As mulheres na comunidade são responsáveis pelo processamento e preparação dos alimentos, assim como por todas as tarefas inerentes à manutenção da família e da casa. Os homens têm poucas obrigações domésticas para além da construção e manutenção das casas (veja também Creevey 1986; Thiam 1986).

DOMÍNIOS DO GÉNERO NA ECONOMIA ALIMENTAR

A comunidade depende da agricultura alimentada pela chuva, e em Niamakoroni as chuvas escassas caem de Junho até Setembro. A comunidade depende principalmente desta curta época das chuvas para fazer frente às suas necessidades alimentares. A maioria da população activa capaz cultiva ou colhe culturas alimentares e plantas. Estas actividades são denominadas de ka balo (para a vida).

Relações de género claramente demarcadas caracterizam este processo de produção de alimentos. Os homens em cada família trabalham colectivamente no seu campo principal das terras altas (foroba), que está localizado nas áreas de mato, a apenas poucos quilómetros da povoação. Aqui eles produzem uma gama de culturas básicas incluindo o sorgo (nyo -Sorghum bicolor), milhete (sanyo -Pennisetum glaucum), milho (kaba-Zea mays), ervilha(sho-Vigna unguiculata), amendoim (tiga - Arachis hypogaea), amendoim Bambara (tiganinkuru - Voandzeia subterranea). Na maior parte da região o sorgo e o milhete ocupam a maior parte da área total cultivada (PIRL 1988).

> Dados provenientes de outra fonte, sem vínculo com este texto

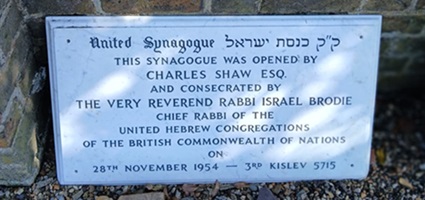 Peterborough Synagogue condecration plaque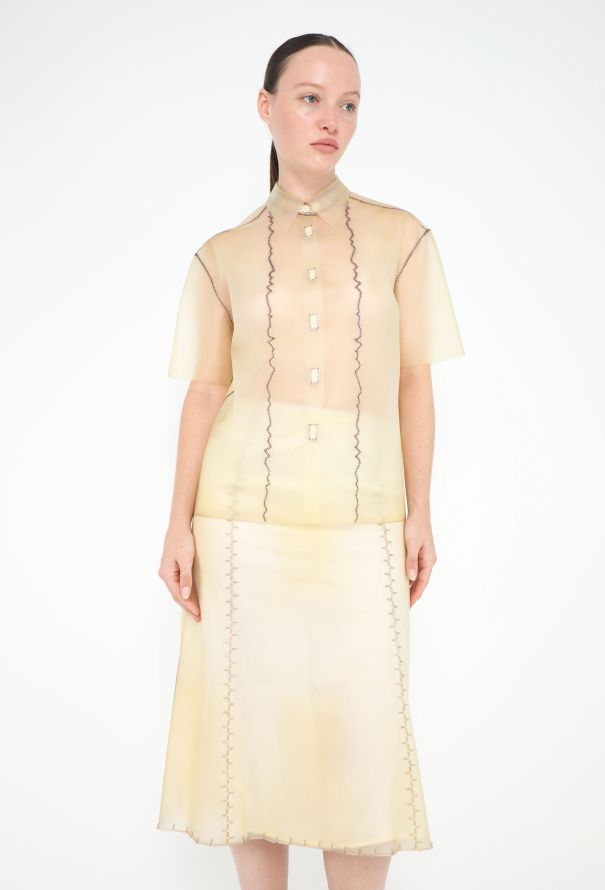 Prada RARE S/S 1998 Beaded Latex Skirt - 1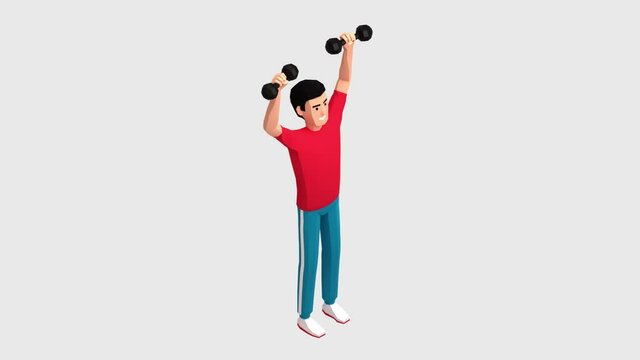 Dumbbell exercise - Shoulder Workout. Power training. 3d animation with alpha channel.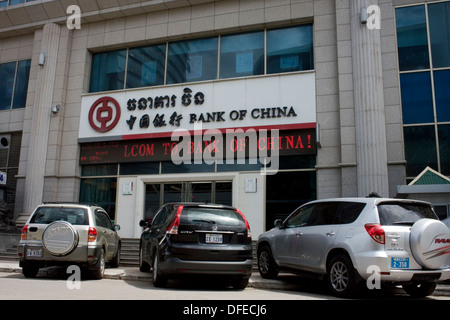 The Bank Of China Serves Residents In Phnom Penh Cambodia Stock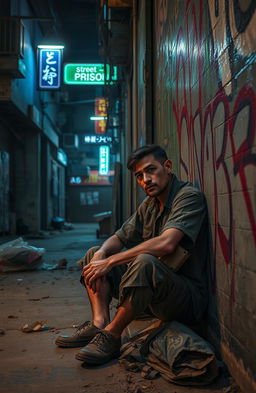 A gritty urban scene depicting a street prisoner sitting against a graffiti-covered wall, wearing tattered clothing and looking contemplative
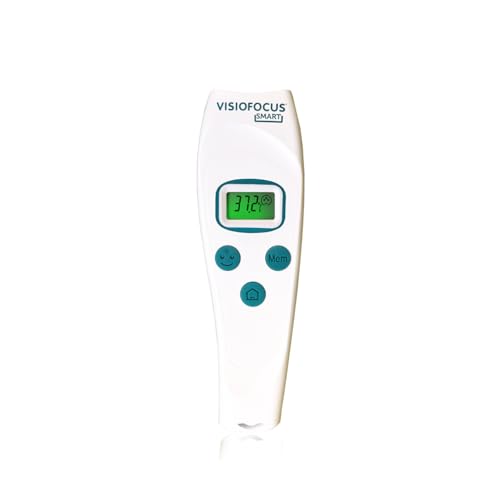 TECNIMED - VisioFocus SMART 06470 - Termómetro médico infrarrojo para la medición a distancia de la temperatura corporal - Proyecta la temperatura en la frente - Para niños y adultos -Made in Italy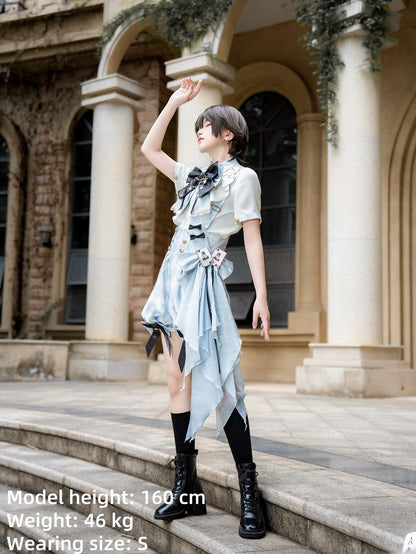 Your Princess - Alice in Time - Checkered Ouji Lolita Suit With Card & Rabbit Accents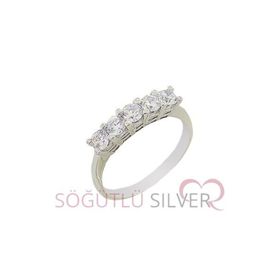 Söğütlü Silver SGTL2985 925 Ayar Gümüş Rodyumlu Beş Taş 925 Ayar Gümüş Yüzük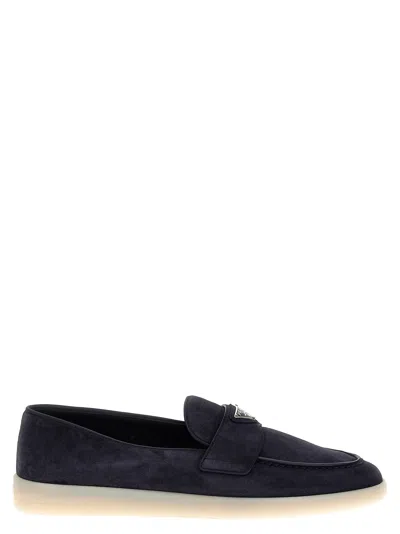 Prada Logo Loafers Blue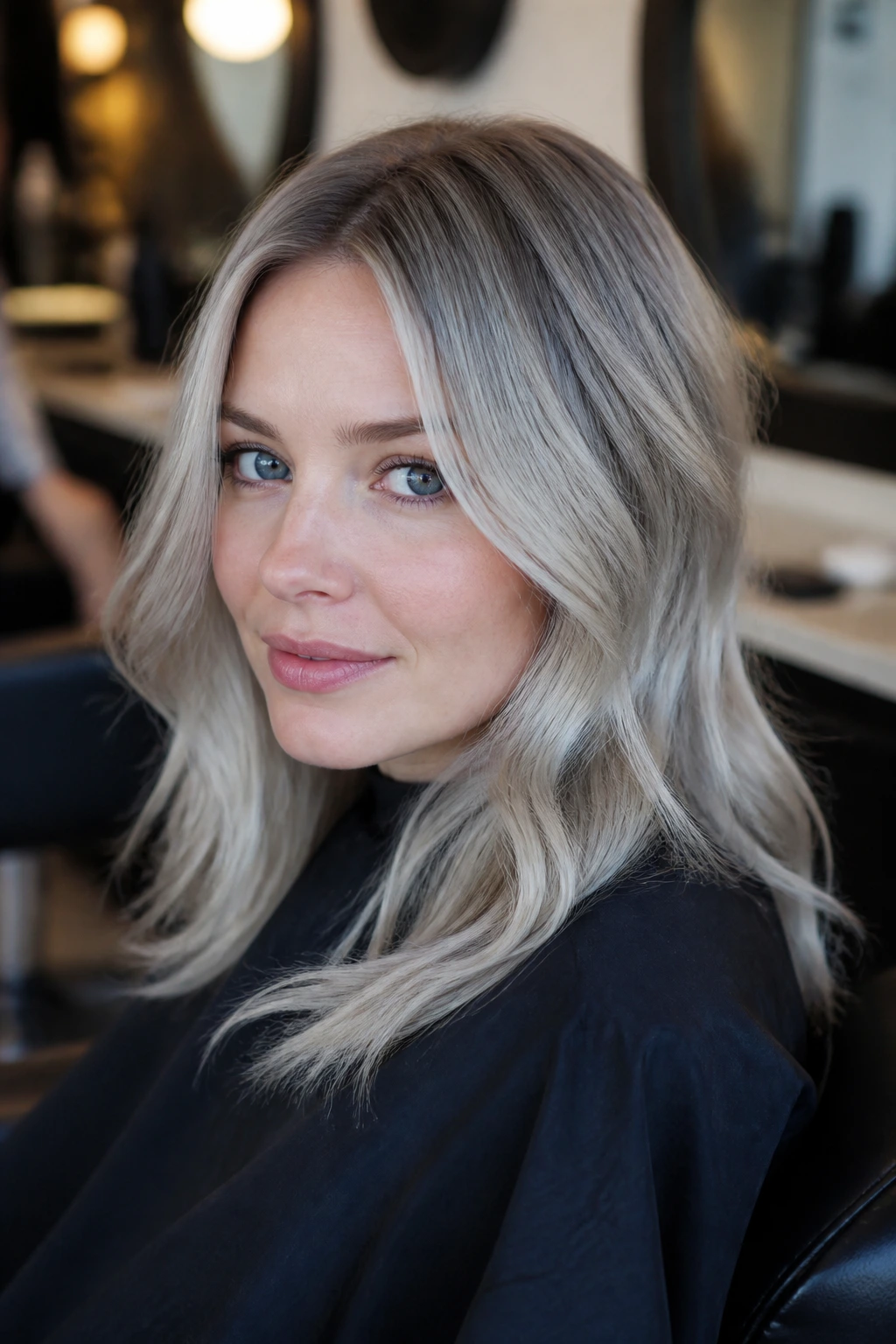 Portrait of a real woman in a salon chair with steel blonde color and root depth.
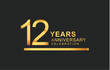 © Brandity - 12th years anniversary logotype with under line golden color for anniversary celebration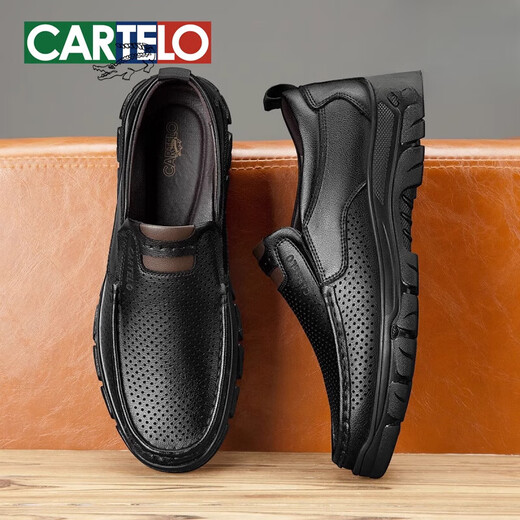 Katile Crocodile Herren-Lederschuhe atmungsbezogener sommerlicher Sommer Hollow Stanzen echtes Lederdaddy's Sandals Schuhe Schwarz- Hollow atmable-ew6629t 39 _ Ausstandard Lederschuh Größe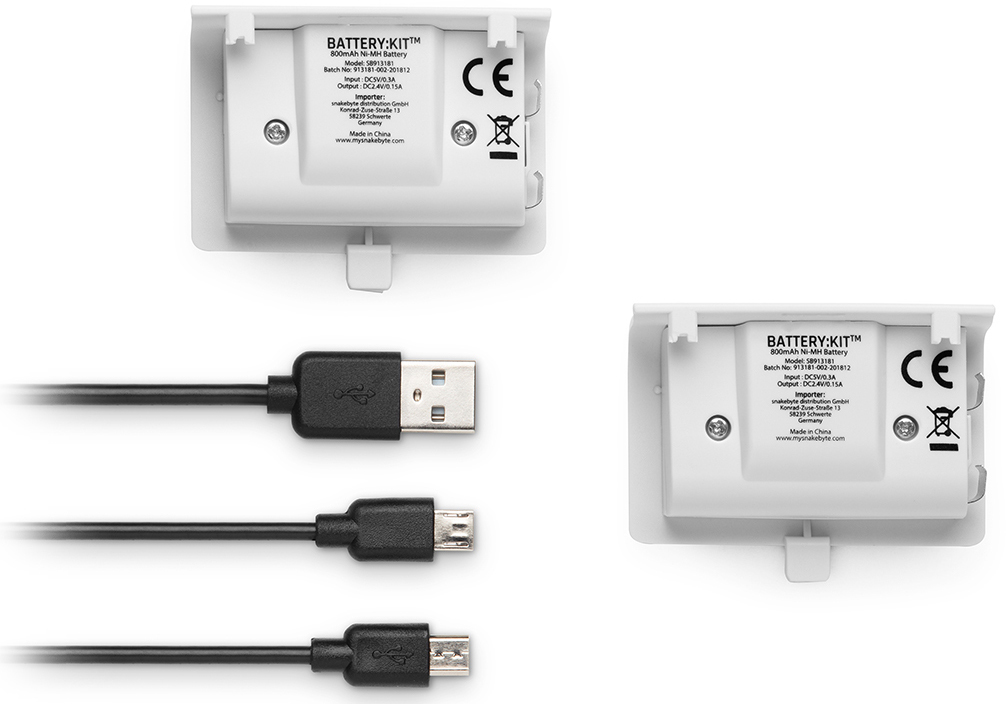 SNAKEBYTE XBOX ONE BATTERY:KIT WHITE, wiederaufladbare Batterie, Weiß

As mulheres, por outro lado, são responsáveis pelo cultivo e colecção de plantas necessárias para a realização dos molhos que temperam os cereais das culturas dos homens nas refeições diárias. Na época das chuvas, as mulheres casadas, em cada grupo doméstico, trabalham individualmente nos campos das terras altas a elas destinados pelos dutigiw para produzir nafenw, ou ‘coisas para molho’. Na maior parte das vezes, as mulheres intercalam as culturas de amendoim (tiga - Arachis hypogaea), ervilha, kenaf (dajan - Hibiscus cannabinus), roselle (dakumum ou dabilenni- Hibiscus sabdariffa), quiabo (gwan - Abelmoschus Hibiscus esculentus) e sorgo. Os seus padrões de cultivo focam-se nas folhas e vegetais tradicionais que complementam as culturas básicas produzidas nas forobaw. A maioria das culturas das mulheres é destinada ao consumo directo, embora, às vezes, alguns produtos sejam vendidos para gerar rendimento que é tipicamente utilizado na compra de ingredientes comerciais complementares, tais como os cubos para sopa, óleo vegetal ou sal (Wooten 1997).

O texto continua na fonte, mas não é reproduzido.